Rédigez un document formel qui définit les principes (moindre privilège, séparation des tâches), les règles d'attribution, le processus de demande et de validation, et les responsabilités. Ce document doit être validé par la direction et communiqué à tous.

2. Créer des profils d'accès types

Identifiez les grandes familles de postes dans l'organisation (commercial, comptable, RH, manager, IT, direction) et définissez pour chacune le socle de droits nécessaire. Évitez les attributions individuelles au cas par cas, privilégiez les profils réutilisables.

3. Automatiser quand c'est possible

Utilisez les systèmes de gestion des identités et des accès (IAM) ou les annuaires centralisés (Active Directory, LDAP) pour attribuer les droits par groupes. L'automatisation réduit les erreurs et accélère les processus.

4. Former les responsables

Les managers doivent comprendre leur rôle dans la validation des droits et dans la révision régulière. Ils sont les mieux placés pour savoir si un collaborateur a réellement besoin d'un accès spécifique.

5. Auditer régulièrement

Planifiez des revues d'accès trimestrielles ou semestrielles. Générez la liste des utilisateurs et de leurs droits, demandez aux managers de valider que tout est justifié, supprimez les droits obsolètes ou non utilisés.

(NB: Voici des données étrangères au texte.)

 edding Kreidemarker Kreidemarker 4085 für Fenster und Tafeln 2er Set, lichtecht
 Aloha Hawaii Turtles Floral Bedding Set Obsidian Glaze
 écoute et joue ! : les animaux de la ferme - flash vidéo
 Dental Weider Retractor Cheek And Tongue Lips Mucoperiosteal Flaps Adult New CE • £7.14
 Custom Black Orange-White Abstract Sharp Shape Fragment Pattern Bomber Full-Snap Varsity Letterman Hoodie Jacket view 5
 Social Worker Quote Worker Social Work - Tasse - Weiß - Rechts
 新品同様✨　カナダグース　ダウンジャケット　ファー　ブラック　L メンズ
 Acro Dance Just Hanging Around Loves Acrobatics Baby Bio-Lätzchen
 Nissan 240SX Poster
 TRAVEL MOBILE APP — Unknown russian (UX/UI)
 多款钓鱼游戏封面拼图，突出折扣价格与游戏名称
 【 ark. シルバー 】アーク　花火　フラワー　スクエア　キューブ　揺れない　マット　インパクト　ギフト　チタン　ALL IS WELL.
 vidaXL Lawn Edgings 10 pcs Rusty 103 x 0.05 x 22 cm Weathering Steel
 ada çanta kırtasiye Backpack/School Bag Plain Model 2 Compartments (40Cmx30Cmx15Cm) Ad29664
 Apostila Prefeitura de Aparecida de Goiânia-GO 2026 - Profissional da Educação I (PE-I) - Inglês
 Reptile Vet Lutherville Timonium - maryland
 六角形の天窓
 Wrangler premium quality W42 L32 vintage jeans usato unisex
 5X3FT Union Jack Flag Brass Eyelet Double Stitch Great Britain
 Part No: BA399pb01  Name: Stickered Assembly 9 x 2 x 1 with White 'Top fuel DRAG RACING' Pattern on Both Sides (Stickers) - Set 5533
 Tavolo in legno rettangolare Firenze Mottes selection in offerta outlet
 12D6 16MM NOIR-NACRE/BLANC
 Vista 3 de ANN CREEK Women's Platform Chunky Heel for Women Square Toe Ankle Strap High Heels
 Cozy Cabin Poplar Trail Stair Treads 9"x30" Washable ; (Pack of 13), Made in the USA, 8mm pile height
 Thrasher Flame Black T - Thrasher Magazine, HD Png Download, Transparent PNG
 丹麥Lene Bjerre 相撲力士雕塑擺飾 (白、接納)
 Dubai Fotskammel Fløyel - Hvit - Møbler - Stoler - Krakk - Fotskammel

• Comptes partagés : plusieurs personnes utilisent le même identifiant et mot de passe. Cela rend impossible la traçabilité des actions et facilite les fuites de responsabilité. Chaque personne doit avoir son propre compte.
• Droits administrateur généralisés : attribuer des droits d'administrateur "au cas où" ou par facilité expose l'organisation à des risques majeurs. Les droits élevés doivent être exceptionnels et justifiés.
• Pas de révision des droits : au fil du temps, les collaborateurs accumulent des droits obsolètes liés à d'anciennes missions. Sans révision, les accès deviennent incontrôlés.
• Pas de processus de révocation : un collaborateur qui quitte l'entreprise conserve ses accès pendant des jours ou semaines. La révocation doit être immédiate et systématique.

Le contrôle d'accès repose sur le principe du moindre privilège : chaque utilisateur ne dispose que des droits strictement nécessaires à l'accomplissement de ses missions. La séparation des tâches empêche qu'une seule personne puisse commettre une fraude ou une erreur critique sans détection. La mise en œuvre efficace nécessite une politique documentée, des profils d'accès types, un processus de validation des droits, et des révisions régulières pour supprimer les accès obsolètes. La révocation immédiate lors des départs est essentielle.